Variational calculus In variational calculus how many ways are there to define a variation, i.e. can it only be $$ \delta F(x) = \bar{F}(x) - F(x) \mbox{ , where } \bar{F}(x) = F(x + \delta x)$$ or is there another form?
basically I want to know the definition of the variation $\delta$ used in;
HOBSON, EFSTATHIOU and LASENBY ''General Relativity, An Introduction for Physicists''
 A: If $J : C([a,b]) \to \mathbf R$ ($C([a,b])$ is taken just for example's sake) is a functional and if $y \in C([a,b]),$ the function (you consider in your question)
$$
\Delta J(y)[h]=J(y+h)-J(y)
$$
is commonly called the increment or (less often) change of $J$ corresponding to an increment $h \in C([a,b]).$ Thus $\Delta J(y) : C([a,b]) \to \mathbf R.$ In the book you've referred to in your question $\Delta J$ is always referred to as  variation, which might be not a good idea, since in the calculus of variation the word "variation" is commonly referred to Gateaux or Frechet derivative of a functional. 
The Gateaux derivative $\delta J(y) : C([a,b]) \to \mathbf R$ of $J$ above at $y \in C([a,b])$ is defined via the condition
$$
\delta J(y)[h]=\lim_{t \to 0} \frac 1t (J(y+th)-J(y))
$$ 
where $h \in C([a,b])$ (and $t$ is a real number).
The Frechet derivative of $J$ at $y$ is a linear functional $\varphi(y) : C([a,b]) \to \mathbf R$ such that 
$$
\Delta J(y)[h]= \varphi(y)[h]+r(h)
$$
where the remainder $r(h)$ must satisfy the condition
$$
\lim_{\|h\| \to 0} \frac{|r(h)|}{\|h\|}=0
$$
where $\|\cdot\|$ is the standard (max-norm) on $C([a,b]).$ Thus
\begin{equation*} \tag{$*$}
\Delta J(y)[h] \approx \varphi(y)[h]
\end{equation*}
for "small" functions $h \in C([a,b]).$ The Frechet derivative of $J$ at $y$ is denoted either by $J'(y),$ or by $\delta J(y)$ (since if $J$ is Frechet differentiable at $y$ it is Gateaux differentiable at $y$).

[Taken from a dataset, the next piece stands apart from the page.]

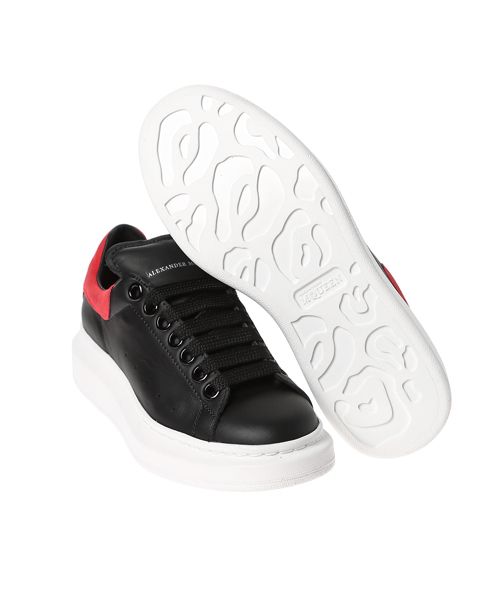 Alexander McQueen（アレキサンダーマックイーン）の「Sneaker Pelle S.Gomm（スニーカー・レディース・ホワイト/ブラック・38/35/36/37）」の5枚目の写真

It differs from book to book of course but, most commonly, if the Frechet derivative of $J$ at $y$ exists it is called the (first) variation of $J$ at $y.$ So you see it would be most awkward to read Eq. $(*)$ as "the variation of $J$ at $y$ is  approximately equal to the variation of $J$ at $y$"; but when you use another word to refer to $\Delta J(y)$ the whole thing would definitely sound better.